--- THE DATA ---

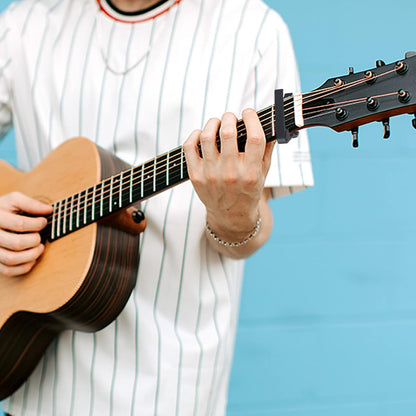 WINGO Kapodaster aus Holz für 6-saitige Akustik-E-Gitarren, Bässe, Ukulelen – Palisander, inkl. 5 Plektren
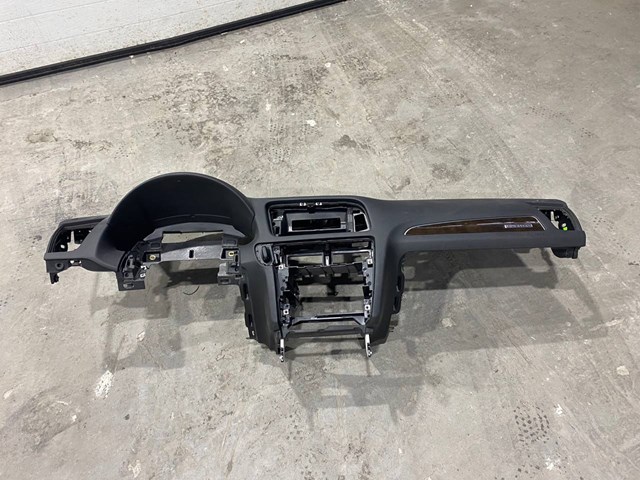 Панель салона передняя "торпедо" 8R1857003G24A VAG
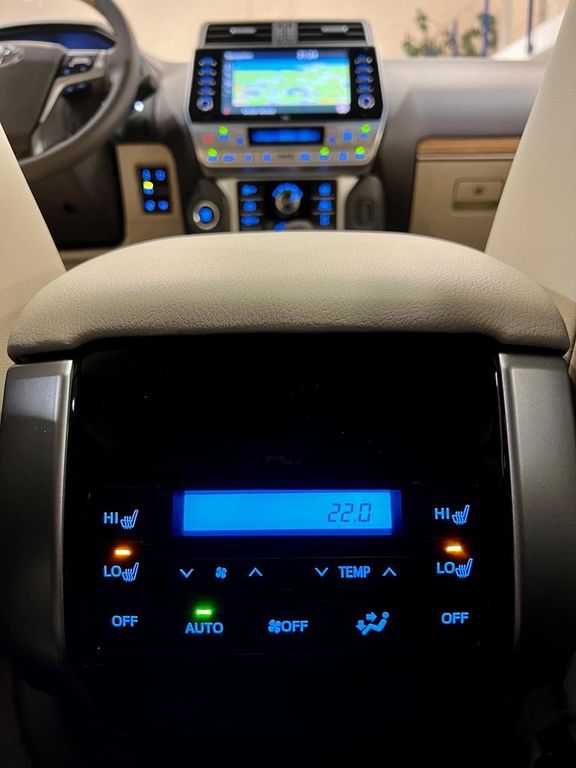 تويوتا ال سي 150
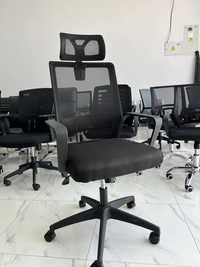 Офисное кресло  model Tomar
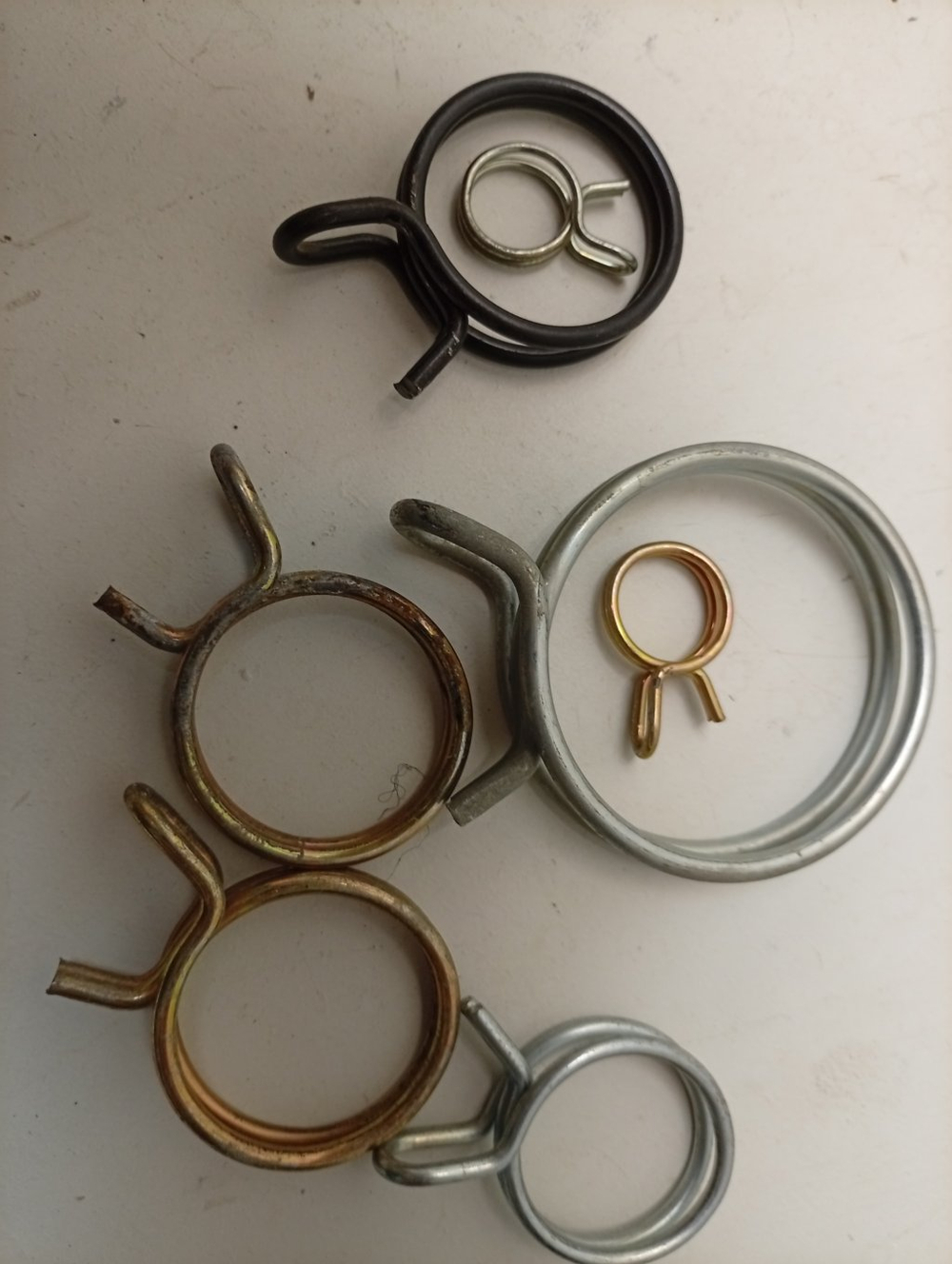 WDN2067WF кт37 Крепеж и хомуты для стиральной машины Indesit б/у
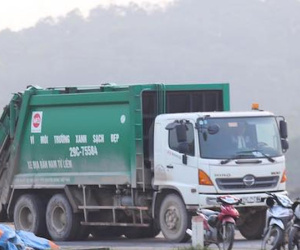 Người dân gỡ bỏ chướng ngại vật vào bãi rác Nam Sơn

---

* TASK STATEMENT *
Retype, without any picture, exactly the lines from the one with "WDN2067WF кт37 Крепеж" through the end of the entries, inclusive.

* ANSWER TO THIS EXERCISE *
 WDN2067WF кт37 Крепеж и хомуты для стиральной машины Indesit б/у
 Người dân gỡ bỏ chướng ngại vật vào bãi rác Nam Sơn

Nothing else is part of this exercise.